--- AIM OF THE EXERCISE ---
From the line that contains "2006 toyota sequoia" to the final line of the entries, return every line exactly and leave out all others.

--- Source records ---
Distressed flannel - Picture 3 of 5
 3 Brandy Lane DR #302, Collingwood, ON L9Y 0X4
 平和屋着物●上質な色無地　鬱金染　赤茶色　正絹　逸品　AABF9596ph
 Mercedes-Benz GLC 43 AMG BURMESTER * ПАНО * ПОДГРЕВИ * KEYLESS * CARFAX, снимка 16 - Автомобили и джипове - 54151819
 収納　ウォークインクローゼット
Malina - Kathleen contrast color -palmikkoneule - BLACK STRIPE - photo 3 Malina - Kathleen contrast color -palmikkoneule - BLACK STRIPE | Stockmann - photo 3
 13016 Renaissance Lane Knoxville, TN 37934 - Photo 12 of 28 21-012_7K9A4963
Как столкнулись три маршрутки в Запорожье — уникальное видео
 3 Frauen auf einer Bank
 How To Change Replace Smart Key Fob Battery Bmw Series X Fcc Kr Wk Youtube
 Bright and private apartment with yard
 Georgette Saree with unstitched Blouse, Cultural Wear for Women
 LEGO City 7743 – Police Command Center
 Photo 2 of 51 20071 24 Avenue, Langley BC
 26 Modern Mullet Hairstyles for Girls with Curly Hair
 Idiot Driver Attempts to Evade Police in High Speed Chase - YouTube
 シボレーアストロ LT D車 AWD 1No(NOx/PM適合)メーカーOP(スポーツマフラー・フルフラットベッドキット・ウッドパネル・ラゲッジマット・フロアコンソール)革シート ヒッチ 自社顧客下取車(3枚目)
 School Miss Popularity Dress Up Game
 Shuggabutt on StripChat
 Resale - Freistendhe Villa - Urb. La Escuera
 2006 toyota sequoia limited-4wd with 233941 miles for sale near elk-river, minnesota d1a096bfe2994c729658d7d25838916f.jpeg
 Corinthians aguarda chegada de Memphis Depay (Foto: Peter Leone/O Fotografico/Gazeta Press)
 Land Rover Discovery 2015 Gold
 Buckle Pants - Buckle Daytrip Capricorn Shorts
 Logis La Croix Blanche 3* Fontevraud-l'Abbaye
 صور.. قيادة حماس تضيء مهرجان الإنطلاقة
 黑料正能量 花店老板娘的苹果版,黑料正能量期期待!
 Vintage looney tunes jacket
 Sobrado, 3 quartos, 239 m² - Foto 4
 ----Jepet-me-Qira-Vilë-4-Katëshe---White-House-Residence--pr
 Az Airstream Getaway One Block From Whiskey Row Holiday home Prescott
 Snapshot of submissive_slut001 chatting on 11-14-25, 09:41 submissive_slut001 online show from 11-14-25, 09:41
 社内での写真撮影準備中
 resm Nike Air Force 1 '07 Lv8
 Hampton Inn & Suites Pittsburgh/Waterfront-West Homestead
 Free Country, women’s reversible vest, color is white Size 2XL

--- REPLY TO THE TASK ---
 2006 toyota sequoia limited-4wd with 233941 miles for sale near elk-river, minnesota d1a096bfe2994c729658d7d25838916f.jpeg
 Corinthians aguarda chegada de Memphis Depay (Foto: Peter Leone/O Fotografico/Gazeta Press)
 Land Rover Discovery 2015 Gold
 Buckle Pants - Buckle Daytrip Capricorn Shorts
 Logis La Croix Blanche 3* Fontevraud-l'Abbaye
 صور.. قيادة حماس تضيء مهرجان الإنطلاقة
 黑料正能量 花店老板娘的苹果版,黑料正能量期期待!
 Vintage looney tunes jacket
 Sobrado, 3 quartos, 239 m² - Foto 4
 ----Jepet-me-Qira-Vilë-4-Katëshe---White-House-Residence--pr
 Az Airstream Getaway One Block From Whiskey Row Holiday home Prescott
 Snapshot of submissive_slut001 chatting on 11-14-25, 09:41 submissive_slut001 online show from 11-14-25, 09:41
 社内での写真撮影準備中
 resm Nike Air Force 1 '07 Lv8
 Hampton Inn & Suites Pittsburgh/Waterfront-West Homestead
 Free Country, women’s reversible vest, color is white Size 2XL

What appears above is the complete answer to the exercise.